Sur les conclusions présentées au titre de l’article L. 761-1 du code de justice administrative :
9. Il y a lieu, dans les circonstances de l’espèce, de mettre à la charge de l’Etat la somme de 800 euros à verser à M. A en application de l’article L 761-1 du code de justice administrative.
O R D O N N E :
Article 1er : L’exécution de l’arrêté du 23 juillet 2024, par lequel le garde des sceaux, ministre de la justice, a pris à l’encontre de M. A une sanction disciplinaire de mise à la retraite d’office est suspendue.
Article 2 : Il est enjoint au garde des sceaux, ministre de la justice de réexaminer la situation de M. A dans un délai de deux mois à compter de la notification de la présente ordonnance.
Article 3 : L’Etat versera à M. A la somme de 800 euros au titre de l’article L. 761-1 du code de justice administrative.

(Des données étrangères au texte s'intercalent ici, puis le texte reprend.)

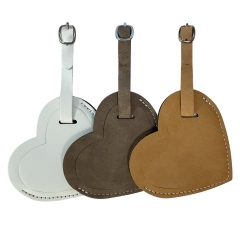 Heart Leather Luggage Tag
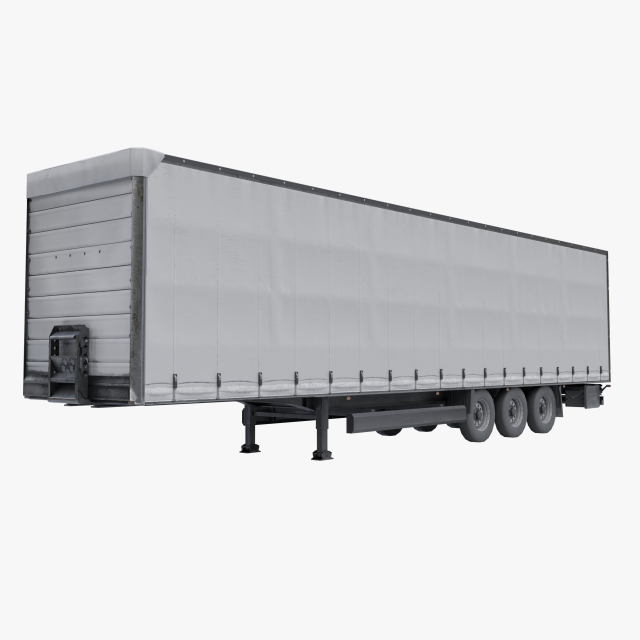 Cargo treiler low poly Low-poly Modèle 3D .c4d .max .obj .3ds .fbx .stl .blend 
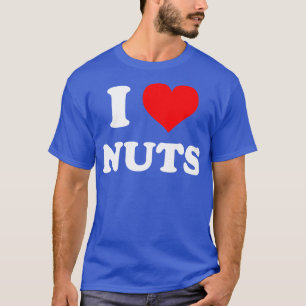 Camiseta Me encantan las nueces de corazón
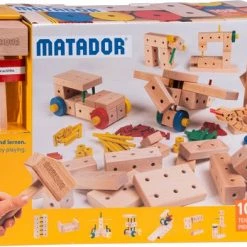 Matador Maker 3+ 108-delig Ki2 Houten Bouwset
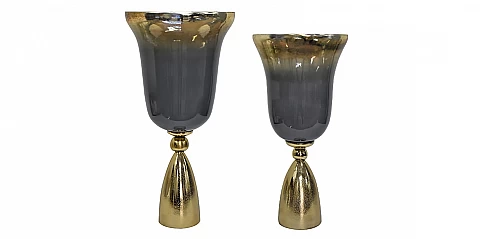 Σετ διακοσμητικά κύπελα γυάλινα (N030)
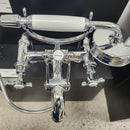 Hansgrohe Axor Series Tub Filler Faucet Montreux Cross Handles Chrome Floormodel Clearance as is Includes Hand Held Shower Head-8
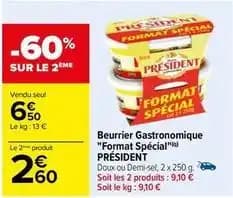 Président - beurrier gastronomique format spécial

Article 4 : La présente ordonnance sera notifiée à M. C A et au garde des sceaux, ministre de la justice.
Fait à Grenoble, le 18 octobre 2024.
Le juge des référés,La greffière,
J. B J. Bonino
La République mande et ordonne au garde des sceaux, ministre de la justice, en ce qui le concerne ou à tous commissaires de justice à ce requis en ce qui concerne les voies de droit commun, contre les parties privées, de pourvoir à l’exécution de la présente décision.